Given information:

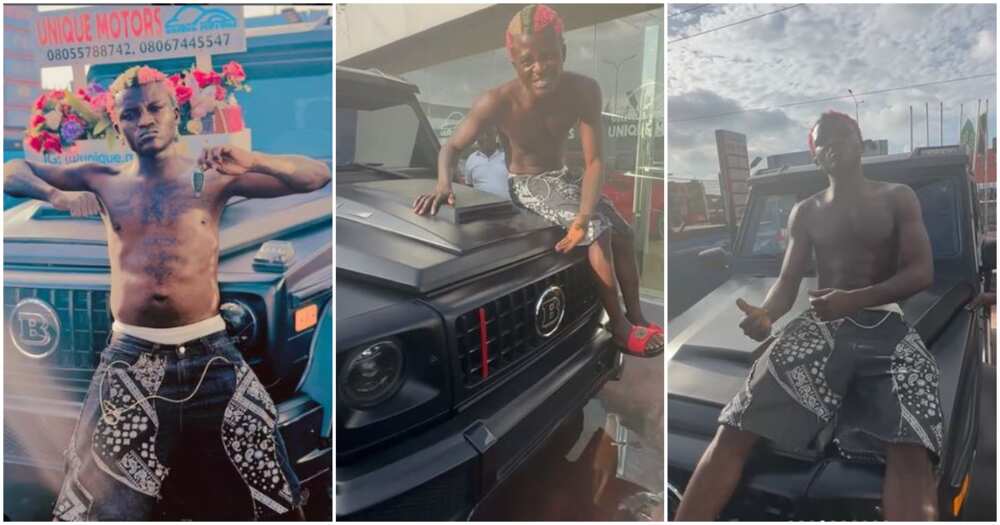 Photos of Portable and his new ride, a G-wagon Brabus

...

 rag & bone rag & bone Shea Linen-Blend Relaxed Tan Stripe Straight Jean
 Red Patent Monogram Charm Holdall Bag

What to do: Copy the lines above exactly, beginning at the line that has "rag & bone rag" and stopping after the line that has "Red Patent Monogram Charm Holdall Bag", and omit the rest.

Task response:
 rag & bone rag & bone Shea Linen-Blend Relaxed Tan Stripe Straight Jean
 Red Patent Monogram Charm Holdall Bag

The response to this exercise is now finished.